Но подвиг, предпринятый им, и огромен, и ценен: толковое изъяснение ужасов «кровавого божества» и «сладострастия» магий взывает к отданью себя всем стихиям, в нас дремлющим под порогом сознания; Вячеслав Иванов, возжаждав беурга, ошибочно и трагично в себе создает «сладострастного мага», усилием воли разъяв свое «я» на два «я», из которых одно улетает в холодные дали абстракций (висеть там и плакаться); в тартар слетает другое; и – двойники! – они борются. Августиновы догматы тают в летающем «как»; дионисовы пляски остыли; «огонь» распадается, и Ивановы – борются. Третий Иванов встает.
Учит он, что экстаз выявляет раздвоенность: Дионис – как менада – бог двойственный; двойственный Достоевский под маскою «я» умножает свои двойники; все Иванов постиг это, потому что он – гностик, возжаждавший упразднить в себе «маску»; учит он, что томлением к истине пламенеет театр; пафос этики озарил Диониса орфической церкви, откуда протек он, как Эрос, в логической мысли Платона: и Эрос есть Логос; мистерии без пути жизни истины в «я» – только сны.
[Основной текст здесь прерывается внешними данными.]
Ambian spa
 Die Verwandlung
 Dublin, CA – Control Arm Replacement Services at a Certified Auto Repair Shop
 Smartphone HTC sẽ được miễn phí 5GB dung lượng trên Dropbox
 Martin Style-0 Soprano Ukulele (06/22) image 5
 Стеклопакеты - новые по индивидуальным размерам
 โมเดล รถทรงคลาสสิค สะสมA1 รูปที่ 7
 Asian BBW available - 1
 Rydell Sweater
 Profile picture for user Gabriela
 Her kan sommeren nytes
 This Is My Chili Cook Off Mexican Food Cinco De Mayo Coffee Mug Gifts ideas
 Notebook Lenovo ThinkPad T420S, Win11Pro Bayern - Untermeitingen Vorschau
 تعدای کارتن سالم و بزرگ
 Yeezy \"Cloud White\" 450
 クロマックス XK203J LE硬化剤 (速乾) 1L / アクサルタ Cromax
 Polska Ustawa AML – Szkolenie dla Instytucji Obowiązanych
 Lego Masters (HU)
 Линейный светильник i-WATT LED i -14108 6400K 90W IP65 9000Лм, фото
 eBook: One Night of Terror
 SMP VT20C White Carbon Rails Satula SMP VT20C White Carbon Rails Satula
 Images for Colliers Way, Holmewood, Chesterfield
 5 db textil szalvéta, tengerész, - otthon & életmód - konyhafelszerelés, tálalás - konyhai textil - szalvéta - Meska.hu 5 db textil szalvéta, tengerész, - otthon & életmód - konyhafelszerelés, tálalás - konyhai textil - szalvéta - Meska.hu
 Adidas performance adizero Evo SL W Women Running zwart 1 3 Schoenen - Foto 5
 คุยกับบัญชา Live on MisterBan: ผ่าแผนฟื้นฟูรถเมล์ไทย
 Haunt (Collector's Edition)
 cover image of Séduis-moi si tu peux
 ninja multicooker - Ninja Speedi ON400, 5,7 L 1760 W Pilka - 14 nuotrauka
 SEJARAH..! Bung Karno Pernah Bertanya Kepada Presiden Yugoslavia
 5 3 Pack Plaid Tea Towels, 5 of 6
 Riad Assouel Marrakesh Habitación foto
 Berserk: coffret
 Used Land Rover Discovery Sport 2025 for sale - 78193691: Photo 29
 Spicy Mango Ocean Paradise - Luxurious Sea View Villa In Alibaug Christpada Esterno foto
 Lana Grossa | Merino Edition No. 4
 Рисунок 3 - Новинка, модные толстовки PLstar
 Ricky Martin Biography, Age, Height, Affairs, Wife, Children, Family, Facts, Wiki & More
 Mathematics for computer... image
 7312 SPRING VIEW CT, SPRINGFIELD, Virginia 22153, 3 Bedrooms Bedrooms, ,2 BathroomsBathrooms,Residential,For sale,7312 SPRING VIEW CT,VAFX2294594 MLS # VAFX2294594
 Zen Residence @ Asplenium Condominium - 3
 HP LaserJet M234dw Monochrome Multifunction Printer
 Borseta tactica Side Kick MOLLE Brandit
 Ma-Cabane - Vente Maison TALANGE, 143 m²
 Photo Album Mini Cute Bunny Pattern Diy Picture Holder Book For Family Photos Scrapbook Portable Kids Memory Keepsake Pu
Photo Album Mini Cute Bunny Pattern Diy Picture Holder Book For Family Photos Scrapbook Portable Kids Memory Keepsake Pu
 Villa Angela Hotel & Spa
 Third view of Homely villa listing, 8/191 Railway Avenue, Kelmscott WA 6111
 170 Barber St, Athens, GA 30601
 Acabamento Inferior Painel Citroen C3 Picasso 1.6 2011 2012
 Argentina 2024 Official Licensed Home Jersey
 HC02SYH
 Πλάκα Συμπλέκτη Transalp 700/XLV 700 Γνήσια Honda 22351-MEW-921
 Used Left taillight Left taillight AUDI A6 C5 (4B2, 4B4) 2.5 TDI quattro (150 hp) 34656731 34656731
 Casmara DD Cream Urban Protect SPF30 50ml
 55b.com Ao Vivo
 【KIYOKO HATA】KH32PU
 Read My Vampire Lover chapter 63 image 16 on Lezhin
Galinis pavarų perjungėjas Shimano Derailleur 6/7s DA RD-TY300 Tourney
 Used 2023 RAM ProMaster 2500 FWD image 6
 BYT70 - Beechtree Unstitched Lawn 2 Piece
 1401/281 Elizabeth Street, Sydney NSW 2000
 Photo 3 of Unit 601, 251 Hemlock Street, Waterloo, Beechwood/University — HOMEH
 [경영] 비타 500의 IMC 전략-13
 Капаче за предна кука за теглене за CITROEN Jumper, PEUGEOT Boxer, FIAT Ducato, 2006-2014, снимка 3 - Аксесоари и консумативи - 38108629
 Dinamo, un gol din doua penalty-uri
Дионисов экстаз – только Ева, рожденная в таинстве сна из Адамовых ребер. «Служу лику истины я» – говорит он себе.
Но «путь посвященья» абстрактен в Иванове третьем: Ивановым первым тот путь упразднен; не изъясненьем себя занят он – систематикой фактов истории; тракты истории остаются не вскрытыми; остается не вскрытым экстаз; и абстракция, порожденная головой, пресловутая «всенародность» его, о которой так много им сказано. Спекуляция рассудочной мысли над тайнами групповых вакханалий, до времени ширящих неокрепшее «я» в тесном круге радений и «я» разрывающих – только рулады из слов («все-отзывный», «все-зрящий») среди гаммы стихов; и оттого-то повис этот третий Иванов субъектом познания Канта над масками не пронизанной данности; и мотивы отчаянья, скепсиса – мощная нота удачнейших песен его.
Тайна Духа Земли в Духе Тайны Христовой; но Фауст увидел здесь чудище, и светильни сознания не опустил в подсознание (в чашу, налитую маслом), попавши в объятия Вагнера:
Du gleichst dem Geist,
Den du begreifst.
Вникая в дневник его дум, сочетающих «становленье» и «ставшее», хочется провести размышление о философах-номиналистах: «Философы номинализма, стоящие с необходимостью у границ, – они вращаются в царстве… форм…» «Если бы они вышли из царства… форм, они бы пришли к непрерывно движимой представляемости… И когда один из них… в этом смысле стал думать, то мало был понят он. Искажают то, что писал Гёте в „Метаморфозе растении“, искажают то, что назвал „перво-растением“ он… С понятием „перво-растение“, „перво-зверь“ только тогда считаются правильно, когда их мыслят в подвижности. То же можно сказать о понятии „всеединства““»; вне движения мысли оно распадается в явную категорию Канта («единство») и на множество «бушменов».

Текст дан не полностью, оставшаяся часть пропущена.